2012-10-01 02:29:23 | アンビエント、その他

"Control" by Conrad Schnitzler

 日曜日の昼下がり、台風を待ちながらコンラッド・シュニッツラーを聴いていたんだ。家の入口を開け放ち、吹き荒れる風をわざと部屋の中に入れ込み、何をしていたかというとルームランナーで走っていたのであって、被害を受けた方々、不真面目でごめんなさい。
 いや、思ったほど雨は降っていなかったし、吹き込む風がむしろ気持ちよかったんでね。
 以前書いたとおり、長雨に降り込まれた日など、無生に電子音楽系の音が聞きたくなる。どういう心理からくるものか分からないが。いわんや、台風の日においておや、ということで。

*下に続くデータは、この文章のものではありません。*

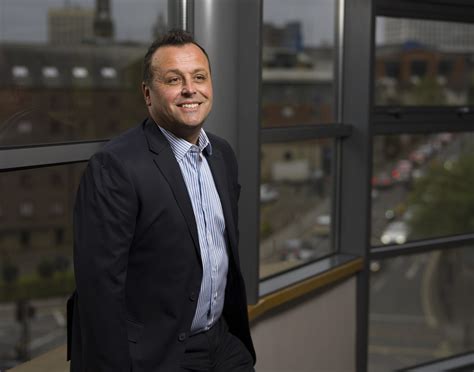 New Managing Partner outlines plans to achieve 100% growth within the ...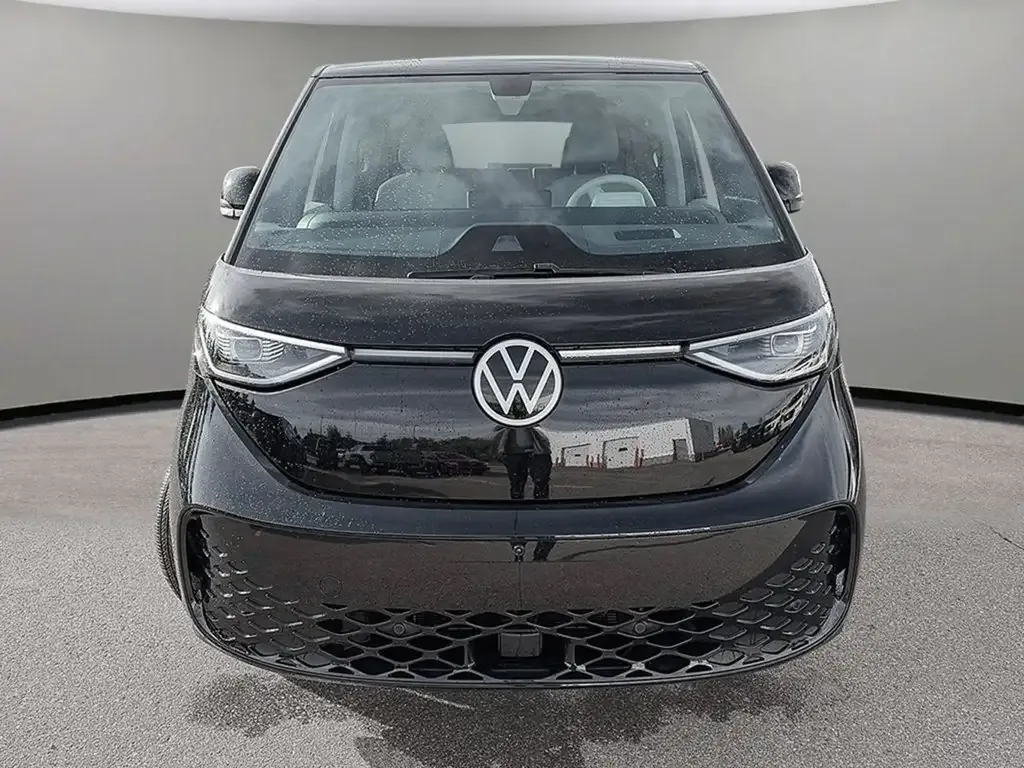 Volkswagen Id. Buzz 2025 photo 2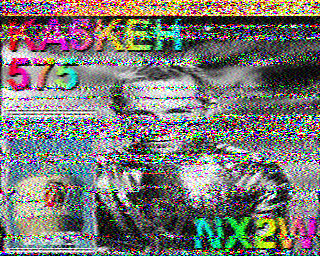 SSTV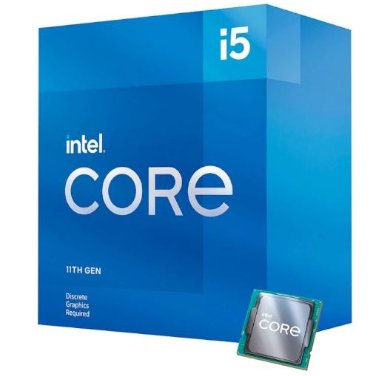 מעבד Intel® Core™ i5-11600 Processor BOX
BX8070811600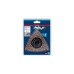 Bosch Expert Carbide Schleifplatte MAVZ 116 RT2 MultiMaterial, Ø 116mm, Schleifscheibe(Starlock Max, K20)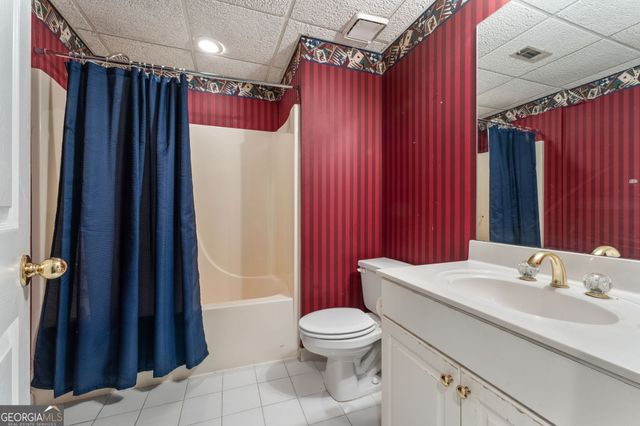 3286 Standing Peachtree Trail NW, Kennesaw, GA 30152
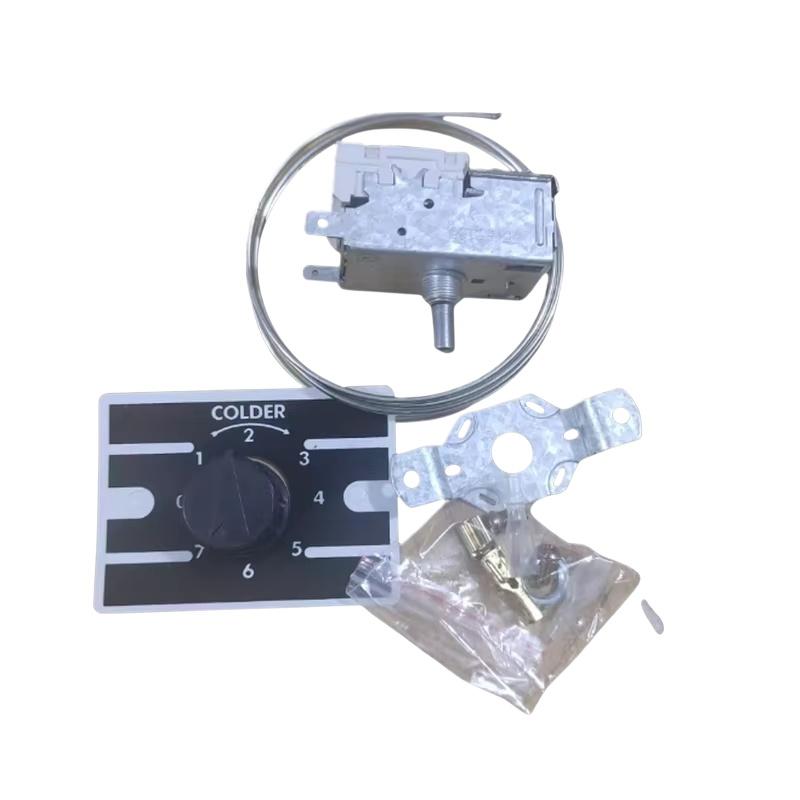 K50-P1125 K50-P1127 Refrigerat - Food Storage And Safety ulasan dan harga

 タンジェリン・ドリームやクラスターといったドイツのエレクトリック・ミュージックの有名どころの誕生に立会い、その後も独自の電子音楽表現の道を歩いたコンラッド。この人も、もう”故”の一字をつけなくちゃならないんだった。
 そんな彼の、これは1981年にアメリカの実験音楽のレーベルから発表されたアルバムのCD化作品。それにしてもオリジナル版LPはたったの1500枚限定だったというから偏屈もいいところだ。
 マイナーレーベルからマニア向けの作品を、こっそりちょっとだけ出す。そんなことばかりをしているから、コンラッドのディスコグラフィは希少盤だらけになる。というか、「そんな盤が出ていたのか」みたいなものばかりになってしまう。

 そんな世捨て人の仙人みたいな活動をしていた割には、彼の作品には結構お茶目な要素が含まれており、そこが素敵だったと私は思っている。難解な作品を生み出してきた厳格な芸術家の心の真ん中に、いたずら好きな3歳児みたいなタマシイが住んでいて、時にそいつが暴れだす、みたいな瞬間が。
 このアルバムは、なぜかキーボードを使わずに創作された一枚で、いわゆる音楽的な表現方法を排し、コンピューターの操作による音刺激のみが収められた、彼の作品中でも難物といえるのかも知れない。

 パチパチと夜空に飛び散る花火のように点滅し、あるいは夜の闇に果てしなく伸ばされる捜査線のように触手を伸ばし、コンピューター越しのコンラッドの想念を直接にこちらの脳裏に焼き付けるように音像たちは踊りまわり、また闇の中に消えて行くのだった。



はなのうてなに

2012-08-06 03:10:56 | アンビエント、その他

 ”Ambessence piano & drones”by Bruno Sanfilippo & Mathias Grassow

 あれは私がまだほんのガキの頃。親に連れられて行った、多分、親戚の法事の席ではなかったかと思う。ガキのことであるからもちろん、そのようなものには3秒で飽きて、寺のあちこちを探検して回った。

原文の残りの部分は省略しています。